I had reached an impasse. It seemed to me quite certain that at least one of the cousins had been in league with the bearded Egyptian in deliberately plotting the destruction of Marcus Lepidus, but which? If only the little girl had been able to give me a better description. "All Romans look the same," indeed!

"You and your cursed cats!" said Appius suddenly, wrinkling his nose and retreating to the far corner of the room. "It's the cats that do this to me. They cast some sort of hateful spell! Alexandria is full of them, making my life a misery. Every time I get close to one, the same thing happens! I never sneezed once in my life before I came here!" And with that he sneezed, and snorted, and pulled a cloth from his tunic to blow his runny nose.

What followed was not pretty, though it may have been just.

I told Marcus Lepidus all I had learned from the little girl. I summoned him to the window and opened the shutters enough to point out the man with the Babylonian beard, who was now overseeing the construction of a bonfire in the square below. Marcus had seen the man before, in the company of his cousin Appius.

What outcome did I expect? I had meant to help a fellow Roman far from home, to save an innocent man from the wrath of an unreasoning mob, and to gain a few coins for my purse in the process-all honorable pursuits. Did I not realize that inevitably a man would die? I was younger then, and did not always think a thing through to its logical result.

The unleashed fury of Marcus Lepidus took me by surprise. Perhaps it should not have, considering the terrible shock he had suffered that day, considering also that he was a successful businessman, and therefore to some degree ruthless; considering finally that treachery within a family often drives men to acts of extreme revenge.

Quailing before Marcus Lepidus, Appius confessed his guilt.

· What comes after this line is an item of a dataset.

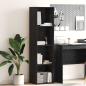 Preview: ARDEBO.de - Bücherregal 4 Ebenen 40 x 30 x 152 cm Holzwerkstoff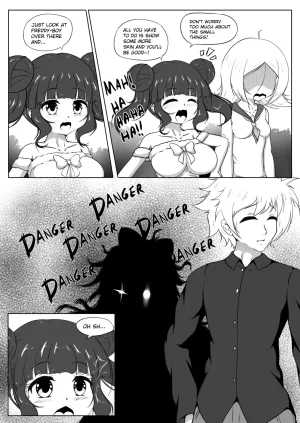 Ether-Core -Dew of Tomorrow- Boundary Tears English Ongoing - Page 20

Rufus, whom he declared to be innocent of the plot, begged for mercy on his cousin's behalf, but his pleadings were ineffectual. Though we might be hundreds of miles from Rome, the rule or the Roman family held sway in that house in Alexandria, and all power resided in the head of the household. When Marcus Lepidus stripped off his blue tunic and ordered that his cousin Appius should be dressed in it, the slaves of the household obeyed; Appius resisted, but was overwhelmed. When Marcus ordered that Appius should then be thrown from the window into the mob, it was done.

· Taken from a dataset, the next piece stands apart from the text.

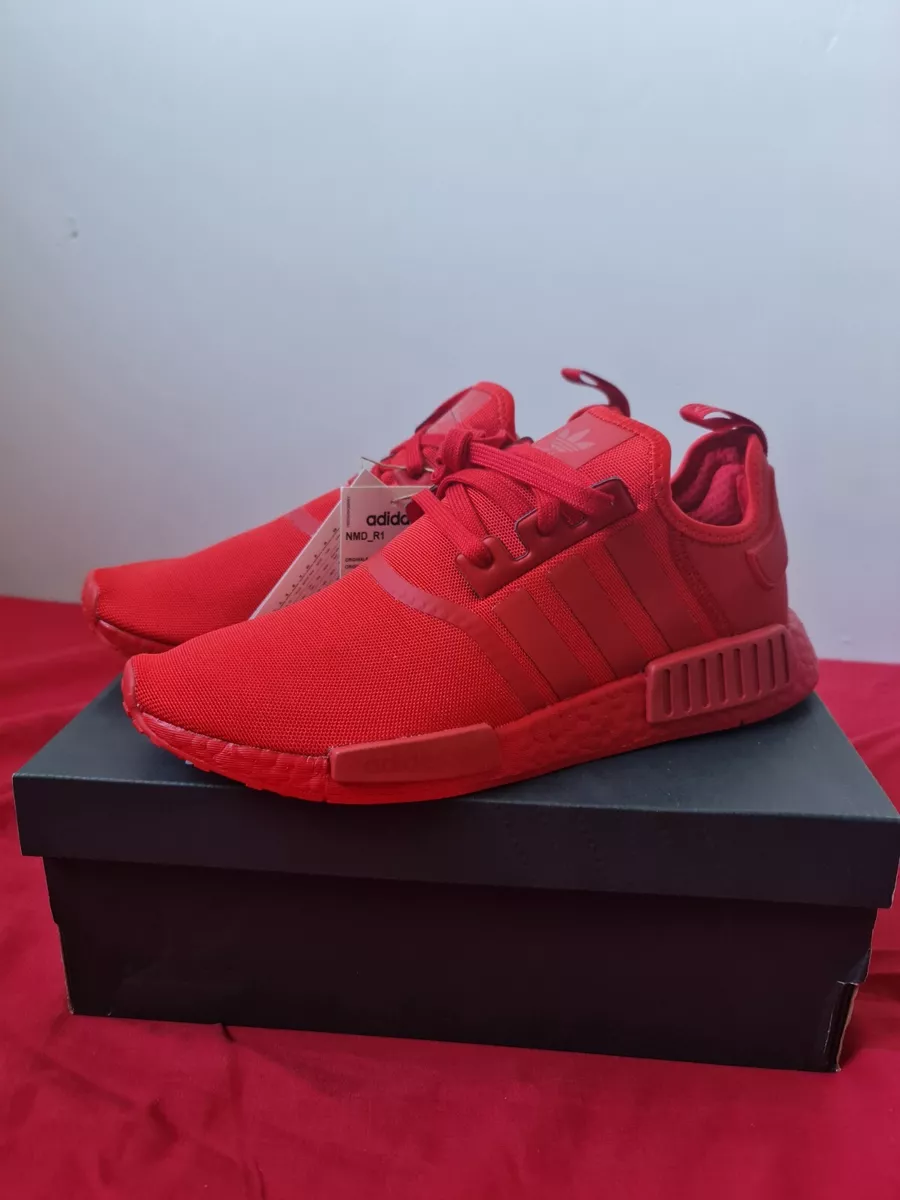 adidas nmd r1 rouge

Rufus, pale and trembling, withdrew into another room. Marcus made his face as hard as stone and turned away. The gray cat twined itself about his feet, but the solace it offered was ignored.

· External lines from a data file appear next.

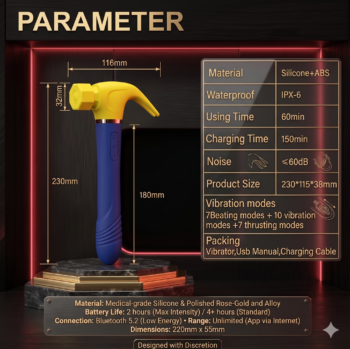 hammer vibrator g spot dildo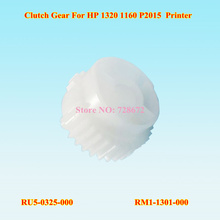 6pcs RU5-0325-000 RM1-1301-000 Clutch Gear For HP 1320 1160 P2015 P2014 2727 3390 3392 P2035 P2030 P2055 P2050 PRO400 M401 425 425DN Printer Pickup Gear 2024 - buy cheap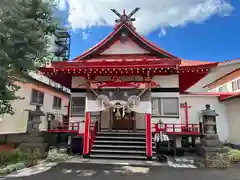 北見稲荷神社の本殿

The bearded Egyptian, not realizing the substitution, screamed to the others in the mob to take their vengeance on the man in blue. It was only much later, when the mob had largely dispersed and the Egyptian was able to get a closer look at the trampled, bloody corpse, that he realized the mistake. I shall never forget the look on his face, which changed from a leer of triumph to a mask of horror as he approached the body, studied its face, and then looked up at the window where I stood. He had overseen the killing of his own confederate.